▶ _Work to complete_:
From the listing below, please restate exactly the lines beginning at the one with "Τραυματισμός μοτοσικλετιστή σε" and ending at the one with "志愿者给球盟会(中国)员工讲解消防知识", both included, and skip the pictures.

▶ _Recorded information_:
<<<<
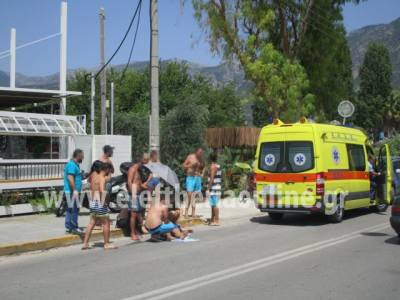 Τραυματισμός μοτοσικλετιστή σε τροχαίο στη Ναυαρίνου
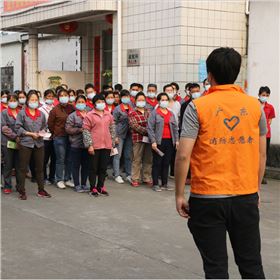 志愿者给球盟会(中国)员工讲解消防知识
>>>>
<<<<
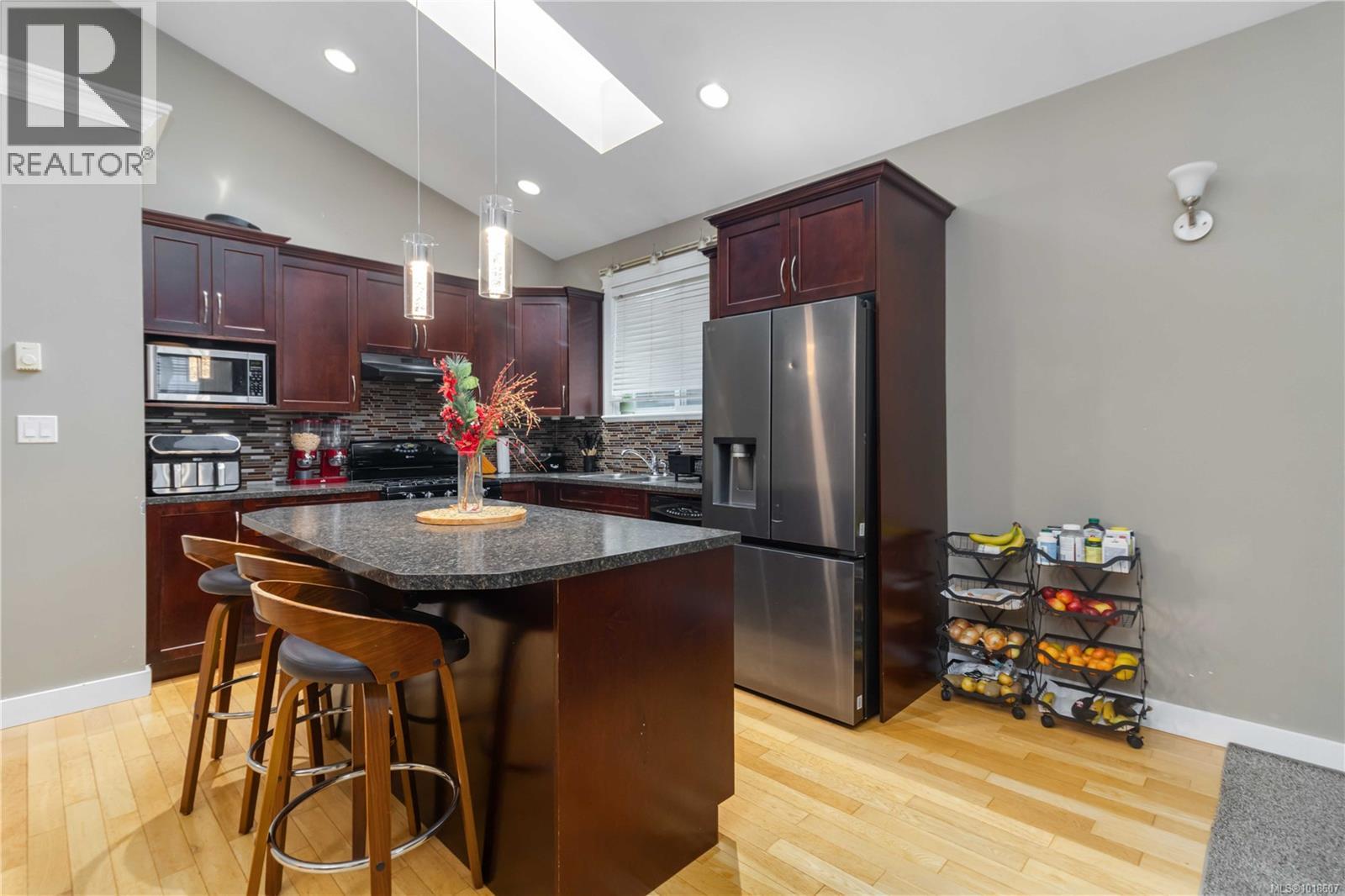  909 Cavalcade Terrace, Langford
>>>>
<<<<
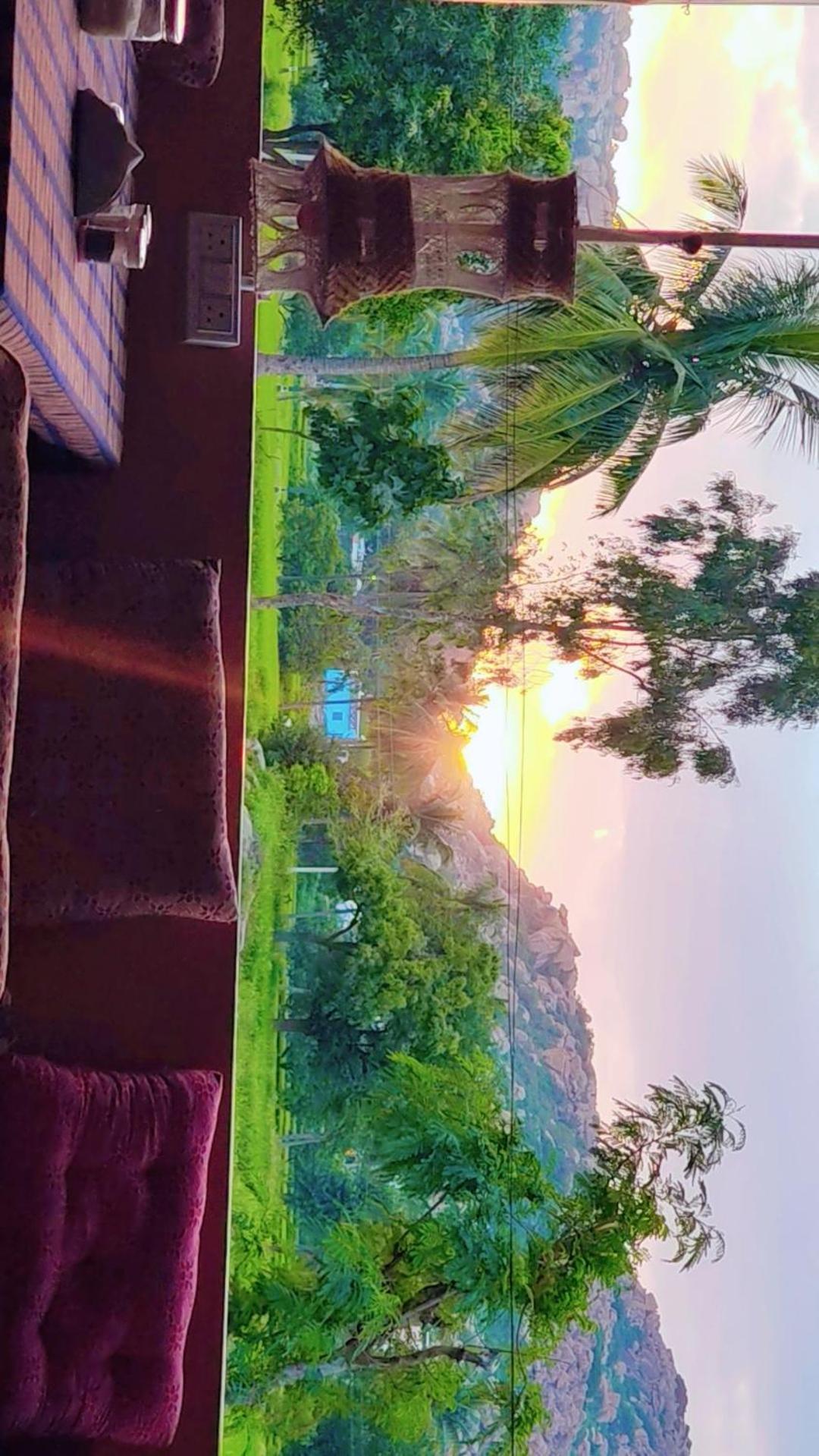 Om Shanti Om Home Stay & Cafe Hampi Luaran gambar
>>>>
▶ _Output of the exercise_:
 Τραυματισμός μοτοσικλετιστή σε τροχαίο στη Ναυαρίνου
 志愿者给球盟会(中国)员工讲解消防知识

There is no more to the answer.